Segment Start: Data section

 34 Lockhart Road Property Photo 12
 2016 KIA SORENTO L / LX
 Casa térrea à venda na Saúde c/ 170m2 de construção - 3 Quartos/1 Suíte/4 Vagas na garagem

Segment End: Data section

→ Brief
Using the listing above, write every line out again exactly.

→ Finished task
 34 Lockhart Road Property Photo 12
 2016 KIA SORENTO L / LX
 Casa térrea à venda na Saúde c/ 170m2 de construção - 3 Quartos/1 Suíte/4 Vagas na garagem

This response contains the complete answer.